Exercise aim:
What is needed here is a faithful repeat of every entry, with no character changed.

Dataset content:

====

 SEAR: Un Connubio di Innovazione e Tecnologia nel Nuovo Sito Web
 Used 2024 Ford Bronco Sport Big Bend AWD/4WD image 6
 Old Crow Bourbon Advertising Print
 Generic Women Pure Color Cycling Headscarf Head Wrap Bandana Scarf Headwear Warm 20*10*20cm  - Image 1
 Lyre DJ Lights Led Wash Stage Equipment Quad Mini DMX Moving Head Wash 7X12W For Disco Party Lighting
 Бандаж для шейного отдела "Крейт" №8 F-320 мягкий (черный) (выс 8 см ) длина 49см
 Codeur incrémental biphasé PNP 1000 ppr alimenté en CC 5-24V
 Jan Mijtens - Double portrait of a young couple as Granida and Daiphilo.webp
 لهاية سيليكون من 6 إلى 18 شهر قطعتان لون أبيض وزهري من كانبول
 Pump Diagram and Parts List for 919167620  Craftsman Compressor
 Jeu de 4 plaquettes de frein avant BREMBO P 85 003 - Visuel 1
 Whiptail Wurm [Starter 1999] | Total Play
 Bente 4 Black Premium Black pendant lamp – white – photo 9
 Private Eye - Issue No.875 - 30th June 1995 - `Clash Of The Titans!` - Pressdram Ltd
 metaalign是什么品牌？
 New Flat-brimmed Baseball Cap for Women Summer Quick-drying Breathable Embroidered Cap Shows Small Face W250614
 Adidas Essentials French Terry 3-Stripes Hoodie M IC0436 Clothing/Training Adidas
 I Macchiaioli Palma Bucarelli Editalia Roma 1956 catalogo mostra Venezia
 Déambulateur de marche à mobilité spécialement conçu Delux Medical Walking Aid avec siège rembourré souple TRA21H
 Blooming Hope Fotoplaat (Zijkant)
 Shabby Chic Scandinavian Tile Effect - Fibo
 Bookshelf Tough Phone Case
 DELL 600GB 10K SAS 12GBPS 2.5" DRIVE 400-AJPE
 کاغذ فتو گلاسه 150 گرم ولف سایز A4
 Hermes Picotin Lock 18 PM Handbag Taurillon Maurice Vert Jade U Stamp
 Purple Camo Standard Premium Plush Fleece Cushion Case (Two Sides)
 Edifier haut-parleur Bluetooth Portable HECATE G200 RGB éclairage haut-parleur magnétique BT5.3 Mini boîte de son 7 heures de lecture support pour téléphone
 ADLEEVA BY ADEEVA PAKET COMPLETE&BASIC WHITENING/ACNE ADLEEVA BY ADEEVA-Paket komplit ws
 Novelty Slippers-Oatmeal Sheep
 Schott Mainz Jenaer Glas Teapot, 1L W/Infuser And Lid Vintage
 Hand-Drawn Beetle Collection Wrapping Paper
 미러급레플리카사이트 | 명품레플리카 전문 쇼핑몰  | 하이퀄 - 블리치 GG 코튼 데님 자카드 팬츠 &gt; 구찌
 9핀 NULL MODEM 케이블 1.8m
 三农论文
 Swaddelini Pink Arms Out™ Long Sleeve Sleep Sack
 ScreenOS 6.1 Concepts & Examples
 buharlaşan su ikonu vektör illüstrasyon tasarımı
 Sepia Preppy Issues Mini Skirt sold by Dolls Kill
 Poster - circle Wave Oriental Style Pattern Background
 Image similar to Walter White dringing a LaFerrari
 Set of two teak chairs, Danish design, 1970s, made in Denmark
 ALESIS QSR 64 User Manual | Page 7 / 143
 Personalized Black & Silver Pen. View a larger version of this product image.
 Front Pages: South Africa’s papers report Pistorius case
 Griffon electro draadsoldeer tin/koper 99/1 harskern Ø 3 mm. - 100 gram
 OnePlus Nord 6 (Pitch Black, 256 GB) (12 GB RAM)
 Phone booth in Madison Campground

====

Task solution:
 SEAR: Un Connubio di Innovazione e Tecnologia nel Nuovo Sito Web
 Used 2024 Ford Bronco Sport Big Bend AWD/4WD image 6
 Old Crow Bourbon Advertising Print
 Generic Women Pure Color Cycling Headscarf Head Wrap Bandana Scarf Headwear Warm 20*10*20cm  - Image 1
 Lyre DJ Lights Led Wash Stage Equipment Quad Mini DMX Moving Head Wash 7X12W For Disco Party Lighting
 Бандаж для шейного отдела "Крейт" №8 F-320 мягкий (черный) (выс 8 см ) длина 49см
 Codeur incrémental biphasé PNP 1000 ppr alimenté en CC 5-24V
 Jan Mijtens - Double portrait of a young couple as Granida and Daiphilo.webp
 لهاية سيليكون من 6 إلى 18 شهر قطعتان لون أبيض وزهري من كانبول
 Pump Diagram and Parts List for 919167620  Craftsman Compressor
 Jeu de 4 plaquettes de frein avant BREMBO P 85 003 - Visuel 1
 Whiptail Wurm [Starter 1999] | Total Play
 Bente 4 Black Premium Black pendant lamp – white – photo 9
 Private Eye - Issue No.875 - 30th June 1995 - `Clash Of The Titans!` - Pressdram Ltd
 metaalign是什么品牌？
 New Flat-brimmed Baseball Cap for Women Summer Quick-drying Breathable Embroidered Cap Shows Small Face W250614
 Adidas Essentials French Terry 3-Stripes Hoodie M IC0436 Clothing/Training Adidas
 I Macchiaioli Palma Bucarelli Editalia Roma 1956 catalogo mostra Venezia
 Déambulateur de marche à mobilité spécialement conçu Delux Medical Walking Aid avec siège rembourré souple TRA21H
 Blooming Hope Fotoplaat (Zijkant)
 Shabby Chic Scandinavian Tile Effect - Fibo
 Bookshelf Tough Phone Case
 DELL 600GB 10K SAS 12GBPS 2.5" DRIVE 400-AJPE
 کاغذ فتو گلاسه 150 گرم ولف سایز A4
 Hermes Picotin Lock 18 PM Handbag Taurillon Maurice Vert Jade U Stamp
 Purple Camo Standard Premium Plush Fleece Cushion Case (Two Sides)
 Edifier haut-parleur Bluetooth Portable HECATE G200 RGB éclairage haut-parleur magnétique BT5.3 Mini boîte de son 7 heures de lecture support pour téléphone
 ADLEEVA BY ADEEVA PAKET COMPLETE&BASIC WHITENING/ACNE ADLEEVA BY ADEEVA-Paket komplit ws
 Novelty Slippers-Oatmeal Sheep
 Schott Mainz Jenaer Glas Teapot, 1L W/Infuser And Lid Vintage
 Hand-Drawn Beetle Collection Wrapping Paper
 미러급레플리카사이트 | 명품레플리카 전문 쇼핑몰  | 하이퀄 - 블리치 GG 코튼 데님 자카드 팬츠 &gt; 구찌
 9핀 NULL MODEM 케이블 1.8m
 三农论文
 Swaddelini Pink Arms Out™ Long Sleeve Sleep Sack
 ScreenOS 6.1 Concepts & Examples
 buharlaşan su ikonu vektör illüstrasyon tasarımı
 Sepia Preppy Issues Mini Skirt sold by Dolls Kill
 Poster - circle Wave Oriental Style Pattern Background
 Image similar to Walter White dringing a LaFerrari
 Set of two teak chairs, Danish design, 1970s, made in Denmark
 ALESIS QSR 64 User Manual | Page 7 / 143
 Personalized Black & Silver Pen. View a larger version of this product image.
 Front Pages: South Africa’s papers report Pistorius case
 Griffon electro draadsoldeer tin/koper 99/1 harskern Ø 3 mm. - 100 gram
 OnePlus Nord 6 (Pitch Black, 256 GB) (12 GB RAM)
 Phone booth in Madison Campground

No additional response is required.